Word for word, please restate the lines from the beginning of the data through the line in which "Epic Clover 100" appears.

━━━━━━

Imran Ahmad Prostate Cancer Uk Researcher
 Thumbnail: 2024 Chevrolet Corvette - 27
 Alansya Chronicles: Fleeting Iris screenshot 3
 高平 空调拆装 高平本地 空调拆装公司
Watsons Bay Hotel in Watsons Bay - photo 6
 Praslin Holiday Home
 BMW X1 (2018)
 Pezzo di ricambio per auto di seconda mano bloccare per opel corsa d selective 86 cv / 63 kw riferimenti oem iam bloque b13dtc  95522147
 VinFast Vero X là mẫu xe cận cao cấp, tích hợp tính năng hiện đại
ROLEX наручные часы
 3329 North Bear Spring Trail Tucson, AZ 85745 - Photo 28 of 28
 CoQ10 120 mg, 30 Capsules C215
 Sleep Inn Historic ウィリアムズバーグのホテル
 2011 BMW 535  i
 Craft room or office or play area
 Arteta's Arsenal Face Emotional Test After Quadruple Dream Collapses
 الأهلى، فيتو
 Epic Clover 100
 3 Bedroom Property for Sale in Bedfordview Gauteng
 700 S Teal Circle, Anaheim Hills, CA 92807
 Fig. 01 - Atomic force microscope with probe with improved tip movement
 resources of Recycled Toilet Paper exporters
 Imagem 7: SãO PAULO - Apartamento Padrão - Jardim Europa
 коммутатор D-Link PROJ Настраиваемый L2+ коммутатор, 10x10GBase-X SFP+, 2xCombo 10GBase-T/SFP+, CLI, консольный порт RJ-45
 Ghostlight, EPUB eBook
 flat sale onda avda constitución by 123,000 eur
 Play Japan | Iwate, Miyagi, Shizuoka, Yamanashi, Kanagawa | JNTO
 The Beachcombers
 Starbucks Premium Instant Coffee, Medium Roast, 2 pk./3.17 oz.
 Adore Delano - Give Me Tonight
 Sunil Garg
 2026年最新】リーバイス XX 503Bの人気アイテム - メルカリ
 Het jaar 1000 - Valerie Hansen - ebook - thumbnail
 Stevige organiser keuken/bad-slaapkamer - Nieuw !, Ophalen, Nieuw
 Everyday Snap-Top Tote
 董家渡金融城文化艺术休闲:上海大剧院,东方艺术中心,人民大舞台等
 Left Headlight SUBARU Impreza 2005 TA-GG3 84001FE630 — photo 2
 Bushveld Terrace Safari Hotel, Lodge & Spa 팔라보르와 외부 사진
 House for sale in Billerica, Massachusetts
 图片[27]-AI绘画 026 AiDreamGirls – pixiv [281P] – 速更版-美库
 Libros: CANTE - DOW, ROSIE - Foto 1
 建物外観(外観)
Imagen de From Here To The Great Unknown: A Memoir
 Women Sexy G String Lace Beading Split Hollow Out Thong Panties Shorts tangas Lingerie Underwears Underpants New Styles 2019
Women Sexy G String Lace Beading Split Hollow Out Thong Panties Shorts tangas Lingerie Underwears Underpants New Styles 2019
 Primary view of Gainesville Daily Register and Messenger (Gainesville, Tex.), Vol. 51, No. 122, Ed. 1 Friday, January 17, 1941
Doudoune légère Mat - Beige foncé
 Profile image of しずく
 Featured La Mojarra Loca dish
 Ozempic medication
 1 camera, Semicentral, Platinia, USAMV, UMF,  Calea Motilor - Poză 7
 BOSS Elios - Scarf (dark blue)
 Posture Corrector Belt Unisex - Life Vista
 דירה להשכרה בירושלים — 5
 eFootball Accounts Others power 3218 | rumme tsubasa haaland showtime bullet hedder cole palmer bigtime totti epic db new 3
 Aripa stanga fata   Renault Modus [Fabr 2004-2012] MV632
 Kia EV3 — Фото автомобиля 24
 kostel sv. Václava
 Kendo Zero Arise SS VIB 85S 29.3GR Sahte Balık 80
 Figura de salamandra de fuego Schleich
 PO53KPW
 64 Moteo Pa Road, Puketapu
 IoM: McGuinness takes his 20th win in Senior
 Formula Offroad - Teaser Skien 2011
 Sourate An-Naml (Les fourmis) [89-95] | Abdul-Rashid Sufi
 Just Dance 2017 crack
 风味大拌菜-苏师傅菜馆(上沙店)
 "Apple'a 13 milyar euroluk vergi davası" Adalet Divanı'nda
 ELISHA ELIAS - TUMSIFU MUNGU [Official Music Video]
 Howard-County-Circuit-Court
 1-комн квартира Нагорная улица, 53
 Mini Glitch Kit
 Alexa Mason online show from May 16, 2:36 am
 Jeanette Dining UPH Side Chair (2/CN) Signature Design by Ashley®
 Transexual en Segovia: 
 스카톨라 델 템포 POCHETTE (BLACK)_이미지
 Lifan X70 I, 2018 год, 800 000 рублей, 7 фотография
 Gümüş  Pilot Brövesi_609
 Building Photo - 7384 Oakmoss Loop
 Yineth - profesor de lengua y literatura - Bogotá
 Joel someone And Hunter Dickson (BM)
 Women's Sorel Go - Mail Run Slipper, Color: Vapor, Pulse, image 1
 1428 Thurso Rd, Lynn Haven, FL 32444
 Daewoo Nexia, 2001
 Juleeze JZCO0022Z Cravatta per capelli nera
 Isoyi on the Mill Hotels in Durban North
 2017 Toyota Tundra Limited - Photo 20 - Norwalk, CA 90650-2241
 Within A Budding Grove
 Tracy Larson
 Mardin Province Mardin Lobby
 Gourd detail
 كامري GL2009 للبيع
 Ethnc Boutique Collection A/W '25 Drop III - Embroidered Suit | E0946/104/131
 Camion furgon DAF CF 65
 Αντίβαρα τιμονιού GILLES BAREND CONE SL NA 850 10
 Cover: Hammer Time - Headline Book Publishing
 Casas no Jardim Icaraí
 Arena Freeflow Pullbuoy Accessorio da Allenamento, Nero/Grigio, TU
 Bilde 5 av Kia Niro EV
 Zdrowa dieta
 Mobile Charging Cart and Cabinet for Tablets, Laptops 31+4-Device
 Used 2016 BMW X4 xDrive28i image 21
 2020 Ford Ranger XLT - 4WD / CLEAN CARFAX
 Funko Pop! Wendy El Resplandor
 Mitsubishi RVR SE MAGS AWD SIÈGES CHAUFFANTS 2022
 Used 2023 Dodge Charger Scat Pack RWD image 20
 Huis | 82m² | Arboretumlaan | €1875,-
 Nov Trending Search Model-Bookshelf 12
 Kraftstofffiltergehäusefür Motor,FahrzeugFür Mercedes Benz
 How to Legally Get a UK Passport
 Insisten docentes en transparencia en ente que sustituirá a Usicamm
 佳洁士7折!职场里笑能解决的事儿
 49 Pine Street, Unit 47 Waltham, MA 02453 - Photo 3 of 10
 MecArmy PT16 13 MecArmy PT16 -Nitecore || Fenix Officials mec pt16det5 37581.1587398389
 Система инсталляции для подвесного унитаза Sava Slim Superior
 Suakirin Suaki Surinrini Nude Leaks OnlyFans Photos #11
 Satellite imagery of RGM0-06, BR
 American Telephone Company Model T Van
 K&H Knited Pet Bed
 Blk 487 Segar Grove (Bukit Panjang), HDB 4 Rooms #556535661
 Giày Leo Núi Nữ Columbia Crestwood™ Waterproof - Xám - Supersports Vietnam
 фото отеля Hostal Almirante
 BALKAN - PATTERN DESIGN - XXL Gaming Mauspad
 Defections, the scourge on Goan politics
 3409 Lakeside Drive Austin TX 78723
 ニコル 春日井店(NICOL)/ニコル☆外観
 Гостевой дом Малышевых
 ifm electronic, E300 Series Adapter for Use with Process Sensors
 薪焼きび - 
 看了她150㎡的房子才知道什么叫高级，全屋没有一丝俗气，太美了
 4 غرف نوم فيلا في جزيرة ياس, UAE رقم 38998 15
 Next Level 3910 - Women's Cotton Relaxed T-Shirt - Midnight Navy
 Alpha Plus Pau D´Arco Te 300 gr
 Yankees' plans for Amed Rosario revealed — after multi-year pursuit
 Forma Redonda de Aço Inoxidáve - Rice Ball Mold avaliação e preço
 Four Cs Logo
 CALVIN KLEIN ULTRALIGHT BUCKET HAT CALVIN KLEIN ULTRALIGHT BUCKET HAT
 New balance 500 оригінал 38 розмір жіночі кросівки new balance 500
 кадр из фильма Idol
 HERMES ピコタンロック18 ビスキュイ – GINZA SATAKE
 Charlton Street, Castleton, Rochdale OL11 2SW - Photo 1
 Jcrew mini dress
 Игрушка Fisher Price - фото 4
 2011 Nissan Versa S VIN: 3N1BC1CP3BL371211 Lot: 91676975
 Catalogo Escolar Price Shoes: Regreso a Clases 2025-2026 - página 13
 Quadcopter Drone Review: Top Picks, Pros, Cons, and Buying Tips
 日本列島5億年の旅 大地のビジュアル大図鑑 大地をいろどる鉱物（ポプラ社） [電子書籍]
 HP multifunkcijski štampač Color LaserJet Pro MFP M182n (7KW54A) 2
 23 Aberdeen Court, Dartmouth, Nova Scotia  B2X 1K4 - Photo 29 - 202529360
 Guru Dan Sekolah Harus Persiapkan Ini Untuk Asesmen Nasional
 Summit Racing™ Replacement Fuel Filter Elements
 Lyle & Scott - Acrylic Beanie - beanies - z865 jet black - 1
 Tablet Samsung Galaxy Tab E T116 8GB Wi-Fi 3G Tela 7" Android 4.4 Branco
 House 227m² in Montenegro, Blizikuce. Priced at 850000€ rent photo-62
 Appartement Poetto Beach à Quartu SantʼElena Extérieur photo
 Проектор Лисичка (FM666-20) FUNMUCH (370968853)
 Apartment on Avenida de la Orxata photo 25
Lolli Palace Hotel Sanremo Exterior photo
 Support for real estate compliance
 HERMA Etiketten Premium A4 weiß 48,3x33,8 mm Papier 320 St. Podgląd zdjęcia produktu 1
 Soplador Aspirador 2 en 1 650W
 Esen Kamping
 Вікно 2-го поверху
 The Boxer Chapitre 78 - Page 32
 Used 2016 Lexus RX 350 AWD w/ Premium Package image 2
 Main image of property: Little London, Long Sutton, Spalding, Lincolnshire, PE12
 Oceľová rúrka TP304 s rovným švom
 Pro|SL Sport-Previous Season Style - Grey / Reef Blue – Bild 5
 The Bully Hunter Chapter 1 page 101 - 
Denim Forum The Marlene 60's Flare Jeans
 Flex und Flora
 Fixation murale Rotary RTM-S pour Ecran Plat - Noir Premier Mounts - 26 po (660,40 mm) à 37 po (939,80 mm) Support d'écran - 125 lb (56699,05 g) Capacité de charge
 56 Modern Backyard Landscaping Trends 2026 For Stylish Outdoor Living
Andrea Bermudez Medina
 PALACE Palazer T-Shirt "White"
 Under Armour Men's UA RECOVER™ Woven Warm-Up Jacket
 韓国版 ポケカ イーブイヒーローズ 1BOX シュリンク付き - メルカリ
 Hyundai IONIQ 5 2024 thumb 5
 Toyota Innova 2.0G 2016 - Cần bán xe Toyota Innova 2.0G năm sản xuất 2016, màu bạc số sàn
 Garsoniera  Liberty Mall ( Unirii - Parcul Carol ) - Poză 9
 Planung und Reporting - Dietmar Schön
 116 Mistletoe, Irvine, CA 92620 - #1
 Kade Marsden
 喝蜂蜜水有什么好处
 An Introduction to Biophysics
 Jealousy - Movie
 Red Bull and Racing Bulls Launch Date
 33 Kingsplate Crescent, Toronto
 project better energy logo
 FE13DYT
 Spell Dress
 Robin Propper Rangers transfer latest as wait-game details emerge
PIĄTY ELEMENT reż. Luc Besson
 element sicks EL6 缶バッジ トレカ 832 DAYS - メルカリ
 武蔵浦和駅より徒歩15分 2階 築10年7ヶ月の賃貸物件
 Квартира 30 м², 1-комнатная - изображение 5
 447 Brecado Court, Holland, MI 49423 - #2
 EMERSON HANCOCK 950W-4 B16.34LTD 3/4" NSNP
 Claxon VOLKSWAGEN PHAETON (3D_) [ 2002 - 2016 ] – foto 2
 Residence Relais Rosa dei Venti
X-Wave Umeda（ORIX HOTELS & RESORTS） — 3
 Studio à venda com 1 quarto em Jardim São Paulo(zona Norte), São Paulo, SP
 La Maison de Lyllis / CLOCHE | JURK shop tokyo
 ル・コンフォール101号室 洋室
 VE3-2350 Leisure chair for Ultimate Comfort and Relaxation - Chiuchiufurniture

━━━━━━

**OUTPUT BELOW:**
Imran Ahmad Prostate Cancer Uk Researcher
 Thumbnail: 2024 Chevrolet Corvette - 27
 Alansya Chronicles: Fleeting Iris screenshot 3
 高平 空调拆装 高平本地 空调拆装公司
Watsons Bay Hotel in Watsons Bay - photo 6
 Praslin Holiday Home
 BMW X1 (2018)
 Pezzo di ricambio per auto di seconda mano bloccare per opel corsa d selective 86 cv / 63 kw riferimenti oem iam bloque b13dtc  95522147
 VinFast Vero X là mẫu xe cận cao cấp, tích hợp tính năng hiện đại
ROLEX наручные часы
 3329 North Bear Spring Trail Tucson, AZ 85745 - Photo 28 of 28
 CoQ10 120 mg, 30 Capsules C215
 Sleep Inn Historic ウィリアムズバーグのホテル
 2011 BMW 535  i
 Craft room or office or play area
 Arteta's Arsenal Face Emotional Test After Quadruple Dream Collapses
 الأهلى، فيتو
 Epic Clover 100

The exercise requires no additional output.